You might think that such a scale would be filled

with way too much detail,

but the amount of detail an answer requires depends

on the nature of the question.

Some questions can only be explored by zooming out.

That is what Big History does.

Speaking of zoomed out, this is"Earthrise,"

one of the most famous photographs of all time.

William Anders, an Apollo astronaut,

took it in 1968.

From the surface of another world,

we see our planet as a little ball in space.

No borders, no people, no buildings,

just oceans and clouds and continents

being shined upon by the sun.

That sheer expansion of scale gives me perspective.

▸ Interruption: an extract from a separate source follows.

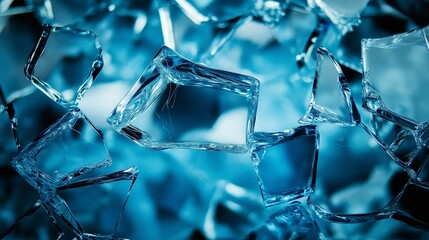 A close-up view of shattered blue glass fragments, showcasing intricate details and sharp edges.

It lets me imagine all the complexity of life on Earth,

from the gasoline engine that powered my trip

to the studio, to political instability

in Nepal as part of a thriving, living, teeming mass of life

loading in the emptiness of space.

So what that photograph does for physical space,

Big History aims to do for everything.

I mean, we want to contextualize all of existence.

We want to outline the most powerful

and important breakthroughs, the tremendous scale of existence,

and how we know what we know, and why we're sure we know it.

All right, let's go to the Thought Bubble.

So, the Universe is big-- like, really big--

and it's also old-- like, 13.8 billion years old.

Which is enough years that there is no way

to actually comprehend it, so let's just compress

that age to 13 years--

small enough that our puny brains can handle it.

On that time scale, the Universe would have begun 13 years ago,

in 2001.

George W. Bush had just been sworn in as president.

Most Americans on the Internet were connecting

to it with dial-up modems.

Right, so the first stars and galaxies

would have formed 12 years ago, but seven and a half more years

would pass until the earth formed, about 4.5 years ago.

Move a little bit up to four years ago--

that's when the first single-celled life formed

on Earth.

Then leap forward nearly three and a half more years

before the first multicellular organisms

and the Cambrian explosion...

What I'm trying to explain is that all complex life

on Earth is a fairly recent development.

Like, on this scale, the dinosaurs went extinct

about three weeks ago-- roughly the last time

I changed my Facebook status.

Humans and chimpanzees split

from their last shared ancestor about three days ago.

The first homo sapiens emerged 50 minutes ago,

roughly the last time I checked my email.

We left Africa 26 minutes ago.

The American Indians reached the Americas six minutes ago--

roughly the last time I check my Twitter.

We invented agriculture five minutes ago,

Ancient Egypt three minutes ago, the Black Death 24 seconds ago,

The Industrial Revolution, six seconds,

World War I, two seconds.

The Cold War, the first man on the moon, your birth,

the internet, the Big Mac, all within the last second.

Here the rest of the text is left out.